■ **INFORMATION SHOWN**
'''
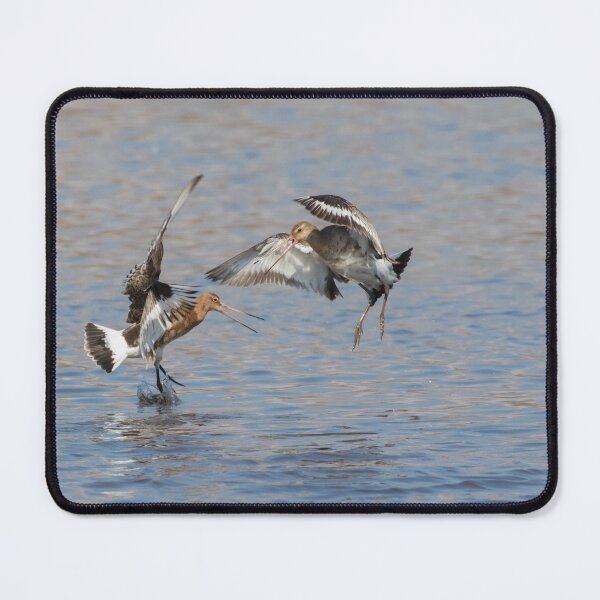 Item preview, Black Tailed Godwit designed and sold by LaurenTucker.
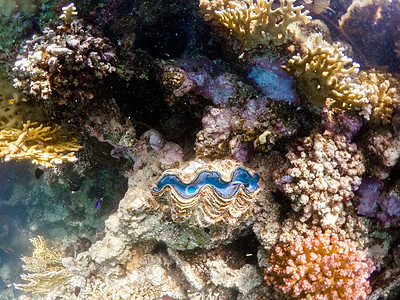 红海珊瑚园 埃及Marsa Alam生活水族馆潜水环境蓝色盐水假期动物旅游世界图片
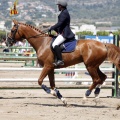Poni Club
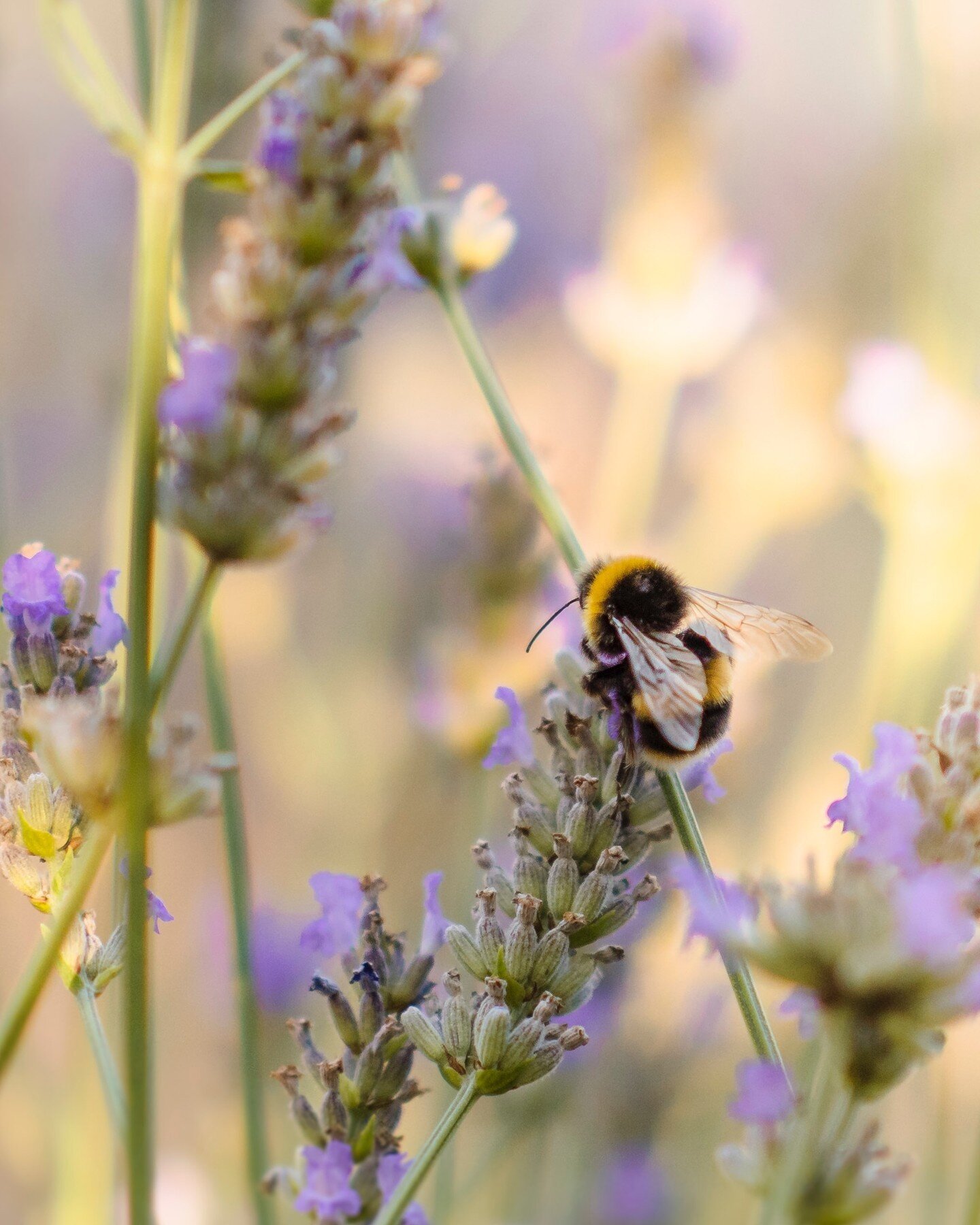 Bees are all the buzz these days. So we decided to take a look at the important work of the honeybee and how three different hotels around the world are helping these creatures and their communities. Plus &mdash; what they do with that golden nectar!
'''
■ **EXERCISE GOAL**
Write out again, word for word, the lines from the one holding "红海珊瑚园 埃及Marsa Alam生活水族馆潜水环境蓝色盐水假期动物旅游世界图片" through the final line of the listing, including both ends but no pictures.

■ **ANSWER TO THE PROBLEM**
 红海珊瑚园 埃及Marsa Alam生活水族馆潜水环境蓝色盐水假期动物旅游世界图片
Poni Club
 Bees are all the buzz these days. So we decided to take a look at the important work of the honeybee and how three different hotels around the world are helping these creatures and their communities. Plus &mdash; what they do with that golden nectar!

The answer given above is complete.